- _YOUR INSTRUCTIONS_
The copy should begin at the line containing "VENTA CASA 3" and end with the last line below, every line exact and no picture included.

= = = = =

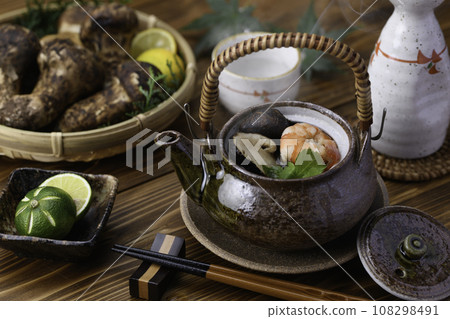 Taste of Autumn Luxury Ingredients Matsutake Mushrooms Steamed in a Clay Pot Taste of Autumn Luxury Ingredients Matsutake Mushrooms Steamed in a Clay Pot 108298491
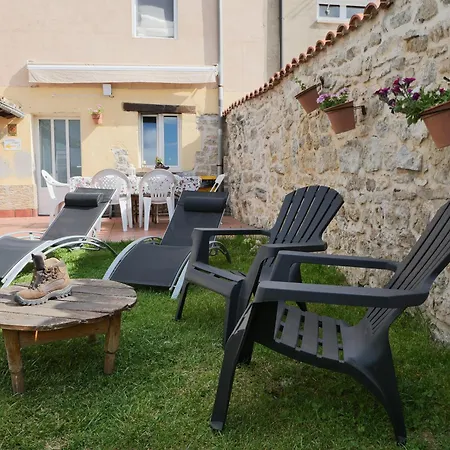 El Alfar/pilgrim * Hornillos del Camino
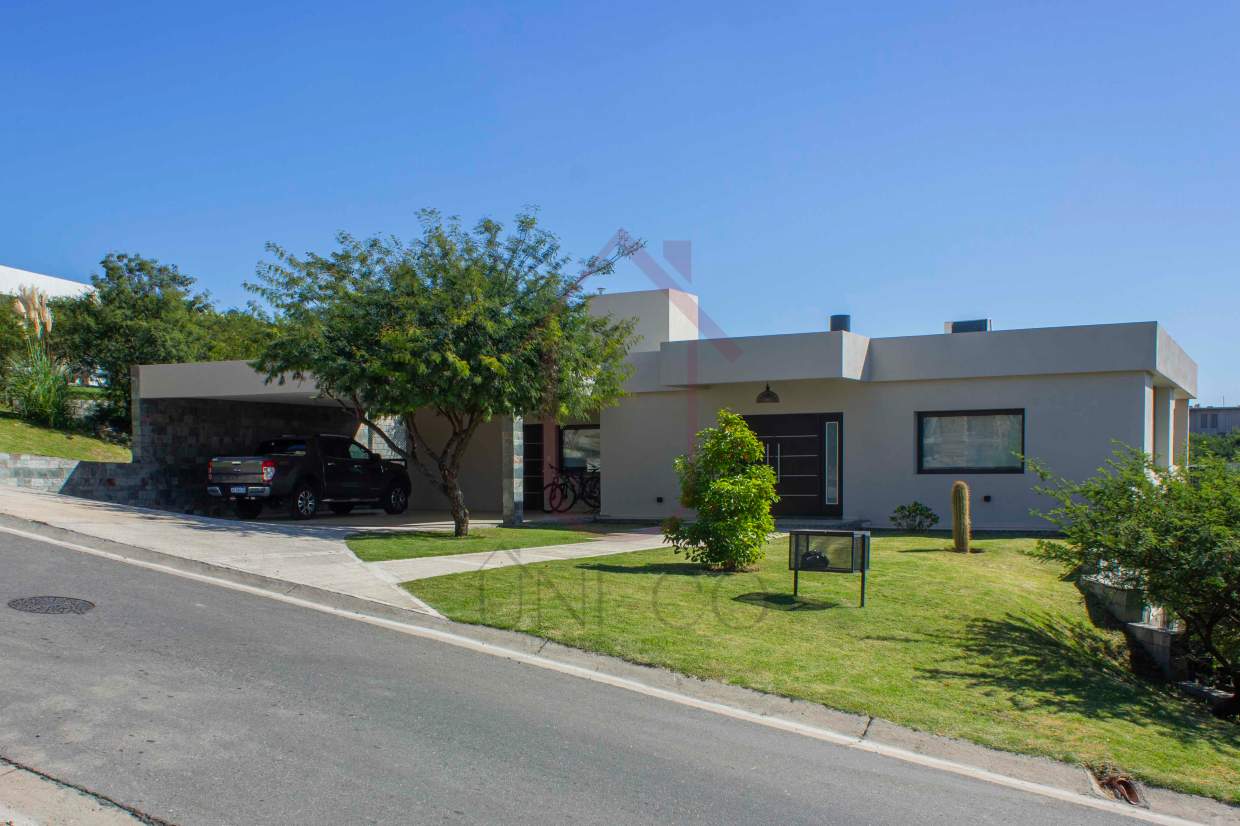 VENTA CASA 3 HABITACIONES PILETA COUNTRY LA PANKANA LA CALERA CÓRDOBA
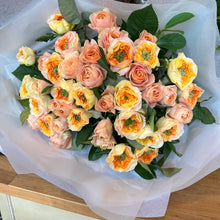 Load image into Gallery viewer, Chic Roses
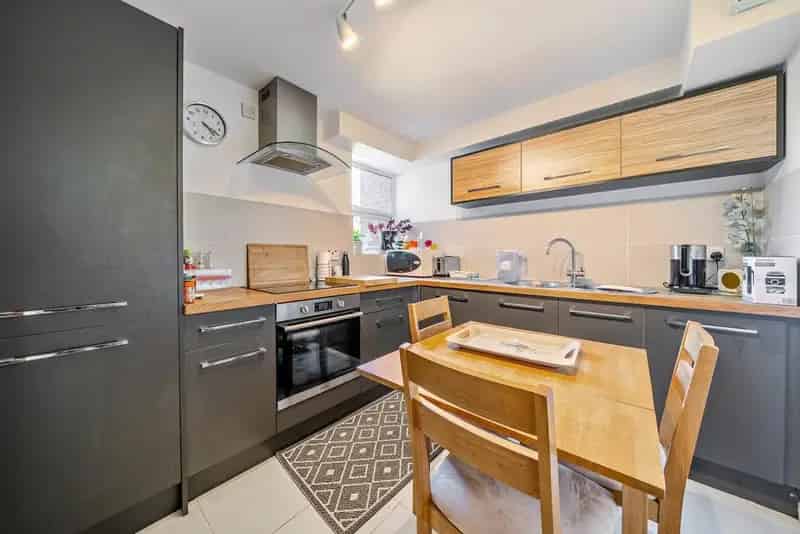 One Bedroom Apartment near Myatt's Field Park Camberwell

= = = = =

- _SOLVED PROBLEM_
 VENTA CASA 3 HABITACIONES PILETA COUNTRY LA PANKANA LA CALERA CÓRDOBA
 Load image into Gallery viewer, Chic Roses
 One Bedroom Apartment near Myatt's Field Park Camberwell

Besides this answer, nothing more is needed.